The Nationals are going to promote right-hander Brad Lord to their Opening Day roster, reports Jeff Passan of ESPN. The righty is not yet on the 40-man, so a corresponding move will be required. That could be an easy call since DJ Herz has been recommended for Tommy John surgery. It’s not fully confirmed that Herz will go under the knife but he will likely miss a decent chunk of time even if he avoids the surgeon’s table.
Lord, 25, isn’t a typical prospect. As Passan mentions in his report and as detailed by Spencer Nusbaum of The Washington Post last month, Lord has had to grind. While some top draft picks get multi-million-dollar signing bonuses, Lord was an 18th-round selection in 2022 and signed for $125K. He spent this past winter working at a Home Depot in Bradenton, lifting bags of mulch and Christmas trees, around his offseason training.
That makes it all the more impressive that he’s been able to improve his stock in recent years.
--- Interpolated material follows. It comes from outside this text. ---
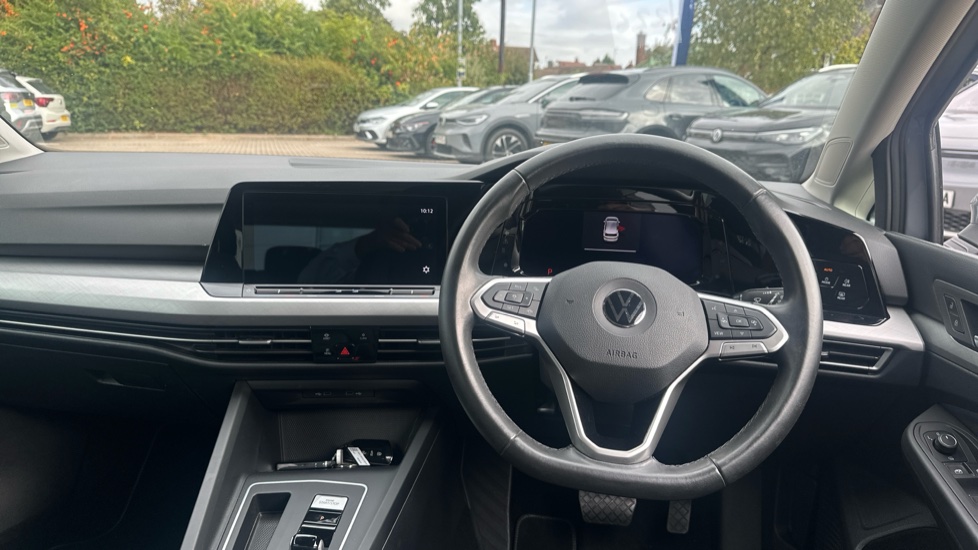 Volkswagen Golf 1.5 eTSI 150 Life 5dr DSG Petrol Hatchback - Image 10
In 2023, he tossed 104 2/3 innings at the Single-A and High-A levels, working both as a starter and reliever. He posted a 4.04 earned run average, 18.5% strikeout rate, 6.5% walk rate and huge 61.6% ground ball rate.
Last year, he climbed from High-A to Double-A and Triple-A, logging 129 2/3 innings across a combined 29 starts at those three levels with a 2.43 ERA. His grounder rate dropped to 42% but he upped his punchouts to a 25.3% clip. Baseball America ranked him the #29 prospect in the system going into 2025.
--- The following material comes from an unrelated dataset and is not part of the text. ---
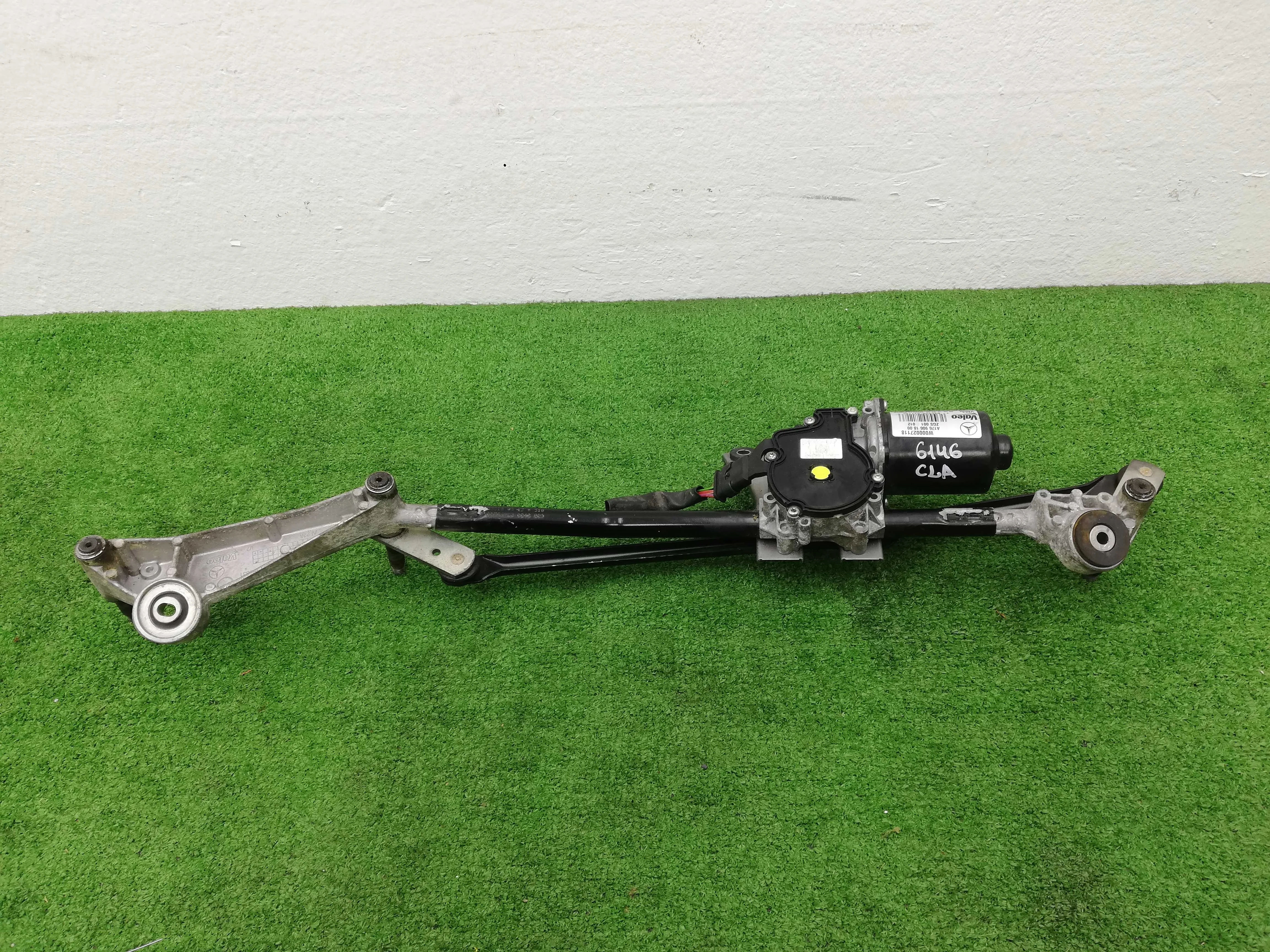 Трапеция дворников Mercedes CLA (C117) рестайлинг 2016 - 2019 бензин 2.0 Автомат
Here in camp, his 6.08 ERA doesn’t look so nice, but that’s in a tiny sample of 13 1/3 innings. He was very unfortunate in that time, with an unlucky .348 batting average on balls in play and 50% strand rate. He only struck out 13.8% of batters but got the grounders back up to 55.6%.
He seems likely to start the season working a long relief role for the Nats. They project to have a rotation of MacKenzie Gore, Trevor Williams, Jake Irvin, Mitchell Parker and Michael Soroka. By having Lord serve the longman role, it will allow the club to keep other potential starters like Shinnosuke Ogasawara and Jackson Rutledge stretched out in Triple-A.
Photo courtesy of Jim Rassol, Imagn Images
Good lord!
Lord Brad has entered the chat!
Oh Lord…
That’s what I say every time this guy takes the mound.
I feel for DJ Herz. If TJS is required he should get a 2nd opinion (which will likely be the same) There’s no reason to delay it.
As for Brad Lord, good for him making the team.
Oh my, Brad Lord!
The next time the good Lord hands out free passes, get in line.
He’ll never be a Royal
Nationals turn to the Lord…
They did have (Trevor) Gott for a while
Also Ryan Church.
As we all should!!!
Now the Nats can choose between Lord and Law
This shows how watered down the talent has got in MLB. Guy who has never pitched a MLB inning with a 6.00 era in spring training makes the opening day roster. Time for contraction not expansion in MLB.
Thank the Lord!
Dude should be a closer. Bring in Lord the Savior!
This surprises me. I thought they had (finally) decided Rutledge is a reliever, so I kind of figured he would be the choice, and Lord would get his innings in Rochester.
Lord’s 6+ ERA this spring is deceiving.
He had an excellent camp except for one outing against Tampa in which fielders botched two plays behind him and he wound up charged with eight runs.
It doesn’t reflect his eye-opening performance.
Looks like Brad Lord went from stacking mulch to stacking outs—talk about a pitcher-perfect glow-up!